Gene expression levels in human cells were quantitatively measured using either a branched DNA assay (QuantiGene, Panomics) or quantitative PCR (qPCR) approaches, both of which gave comparable results. HeLa cells were grown to confluence in 96-well plates and lysed in 100 µl proprietary lysis buffer. Seventy microliters of lysate were used for determination of all mRNA levels except for β-ACTIN, where only 10 µl were used. Mixed probe sets were added to the lysates according to the manufacturer’s instructions and hybridized in sealed capture plates. Following overnight hybridization at 56°C, capture plates were washed before incubation with 100 µl per well label extender for 1 h at 56°C. After further washing, plates were incubated with 100 µl per well amplifier for 1 h at 56°C, washed three times and finally incubated with 100 µl per well substrate for 30 min. Plates were cooled down at room temperature for 10 min, and luminescence was detected for 0.2 sec per well on a luminometer (Wallac Victor Light 1420 Luminescence Counter, PerkinElmer).
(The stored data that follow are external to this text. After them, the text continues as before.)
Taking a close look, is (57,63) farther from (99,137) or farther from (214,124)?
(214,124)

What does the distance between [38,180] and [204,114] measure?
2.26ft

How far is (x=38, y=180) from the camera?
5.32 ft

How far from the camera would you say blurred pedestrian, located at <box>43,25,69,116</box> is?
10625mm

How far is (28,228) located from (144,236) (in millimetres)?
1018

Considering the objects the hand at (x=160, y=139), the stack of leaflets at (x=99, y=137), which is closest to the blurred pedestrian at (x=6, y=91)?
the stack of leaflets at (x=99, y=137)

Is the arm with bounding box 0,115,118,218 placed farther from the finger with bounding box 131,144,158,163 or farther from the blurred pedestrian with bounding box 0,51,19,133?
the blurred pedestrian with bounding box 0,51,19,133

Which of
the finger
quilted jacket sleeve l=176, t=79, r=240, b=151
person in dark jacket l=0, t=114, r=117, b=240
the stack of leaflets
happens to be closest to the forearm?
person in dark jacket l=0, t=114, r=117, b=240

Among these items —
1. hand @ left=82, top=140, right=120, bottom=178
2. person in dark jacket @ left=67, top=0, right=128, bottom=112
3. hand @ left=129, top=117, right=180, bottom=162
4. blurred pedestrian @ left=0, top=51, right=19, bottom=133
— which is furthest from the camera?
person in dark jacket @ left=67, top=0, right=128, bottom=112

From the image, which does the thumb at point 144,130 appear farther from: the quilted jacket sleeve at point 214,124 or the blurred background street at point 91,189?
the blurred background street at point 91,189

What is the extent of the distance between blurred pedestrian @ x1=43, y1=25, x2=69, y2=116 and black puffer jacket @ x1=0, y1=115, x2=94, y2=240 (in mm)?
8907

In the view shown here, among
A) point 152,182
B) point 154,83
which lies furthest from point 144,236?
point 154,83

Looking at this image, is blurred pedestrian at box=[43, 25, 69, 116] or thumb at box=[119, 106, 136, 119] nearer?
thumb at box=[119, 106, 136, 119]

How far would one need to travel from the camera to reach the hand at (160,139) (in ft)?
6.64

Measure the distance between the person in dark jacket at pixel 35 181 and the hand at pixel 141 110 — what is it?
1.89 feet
HeLa cells were plated at a density of 5 × 103 cells per well in a 96-well plate. Next day, these cells were treated with 50 nm concentration of different siRNAs. After 3 d, the cells were than treated with human IFN-γ (R&D Systems, 40 ng/ml) or OSM (R&D Systems, 20 ng/ml) for 6 h, lysed in 100 μl of lysis buffer according to the manufacturer’s instructions (Qiagen RNeasy Mini kit). Total RNA was prepared and first strand cDNA was synthesized using First Strand Synthesis Verso cDNA kit (ABgene).

Real-time PCR was performed in 96-well plates using ABsolute QPCR ROX mix and a GeneAmp 7700 sequence detector (Applied Biosystems) and analyzed by ΔΔCT.GBP1 and SOCS3 levels were normalized to β-actin levels. Primers and probes were designed using Primer Express Software (Applied Biosystems). BLAST searches (www.ncbi.nlm.nih.gov) were performed to confirm specificity of the nucleotide sequences. Primers and probes were synthesized by Sigma Aldrich and were from 5′ to 3′ as follows: For GBP1: GCCAGGCCACATCCTAGTTCT and GGCGAAGATCCAGGAGTCATT, probe TGGACACCGAGGGTCTGGGAGATGT. For SOCS3: AGCTGGTCTCCTTTTCCTACTCATACTA and GGTGAAAGATGTCCCGTCTCC, probe TGGGTGGATGGAGCGGGAGGA and for β-actin: ATCATTGCTCCTCCTGAGCG and GACAGCGAGGCCAGGATG, probe TACTCCGTGTGGATCGGCGGCT.
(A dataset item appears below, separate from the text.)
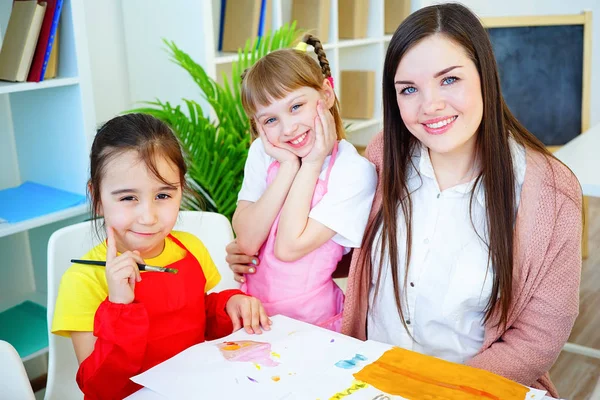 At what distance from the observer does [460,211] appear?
140 cm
Detection of STAT post-translational modifications

HeLa cells were lysed in ‘Mammalian Cell Lysis Buffer’ (Perbio) and normalized levels of protein were protein gel blotted using standard protocols. Primary antibodies against human β-ACTIN, STAT1, pSTAT1, STAT3, pSTAT3, STAT5 and pSTAT5 were purchased from Cell Signaling Technologies and used at a 1:1000 dilution. The activity of HRP-conjugated secondary antibodies (Jackson Labs) was determined using ECL protein gel blotting substrate (Pierce). Chemiluminescence was detected using either film or a Luminescent Image Analyzer LAS-1000 (FUJIFILM) and Intelligent Dark Box II (FUJIFILM).
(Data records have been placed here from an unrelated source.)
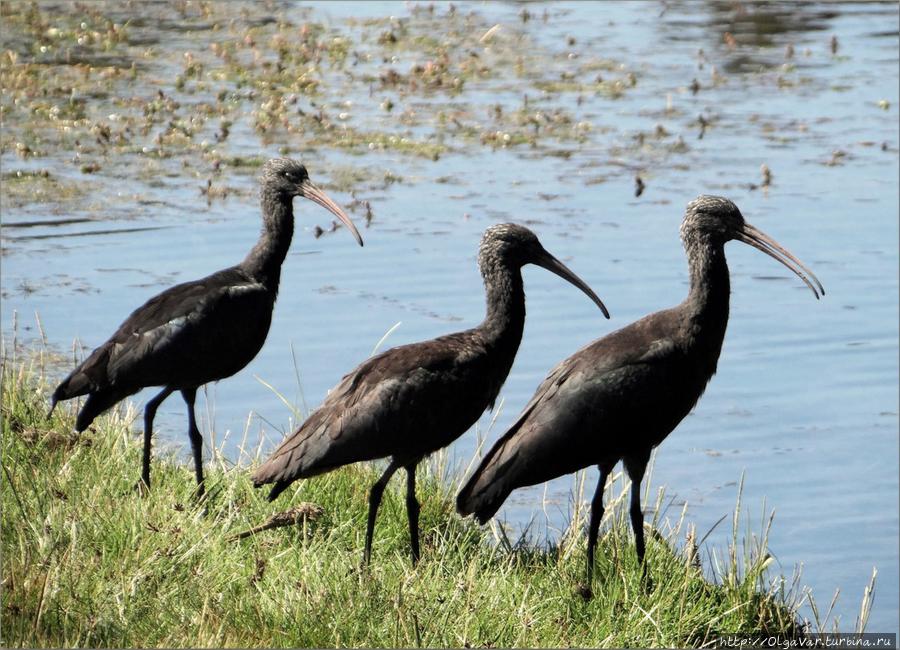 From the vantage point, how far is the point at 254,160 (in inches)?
522

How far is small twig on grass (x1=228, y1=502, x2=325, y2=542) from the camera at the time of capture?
230 inches

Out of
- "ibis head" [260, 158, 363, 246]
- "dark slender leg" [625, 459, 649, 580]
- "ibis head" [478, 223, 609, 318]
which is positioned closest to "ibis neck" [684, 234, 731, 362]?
"ibis head" [478, 223, 609, 318]

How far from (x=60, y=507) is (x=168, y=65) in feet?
37.4

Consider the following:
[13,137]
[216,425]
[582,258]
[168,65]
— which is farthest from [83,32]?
[216,425]

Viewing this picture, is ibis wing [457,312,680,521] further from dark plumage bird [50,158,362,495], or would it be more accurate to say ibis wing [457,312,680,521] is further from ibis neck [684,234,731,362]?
dark plumage bird [50,158,362,495]

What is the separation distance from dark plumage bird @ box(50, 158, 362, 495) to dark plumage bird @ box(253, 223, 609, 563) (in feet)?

Quantitative protein gel blot analysis

To quantitatively determine the fold change in STAT and pSTAT after siRNA treatment, bands were identified by thresholding a region of interest comprising all bands using the “Triangle” algorithm that is based on normalization of height and dynamic range of the image intensity histogram, as implemented in ImageJ. For STAT3 and pSTAT3 protein gel blots and their corresponding β-ACTIN controls, thresholds determined using the “Triangle” algorithm were used directly, whereas for STAT1 and pSTAT1 protein gel blots and their corresponding β-ACTIN controls, 15 a.u. were subtracted from the threshold determined by the Triangle algorithm due to lower signal intensities. All pixels with intensities above the threshold were assigned a value of 1, and all pixels with intensities below the threshold were assigned a value of 0. The original image was divided by this mask to prevent pixels with intensities below the threshold from being considered in further calculations. The average intensity in a smaller region of interest around individual bands was calculated by summing the intensities of the identified pixels (i.e., the total intensity of the band) and dividing this sum by the number of pixels (i.e., the area occupied by the band). We then calculated the ratio of STAT and pSTAT protein levels relative to β-ACTIN levels and normalized these values to those from control samples on the same protein gel blot to determine fold change.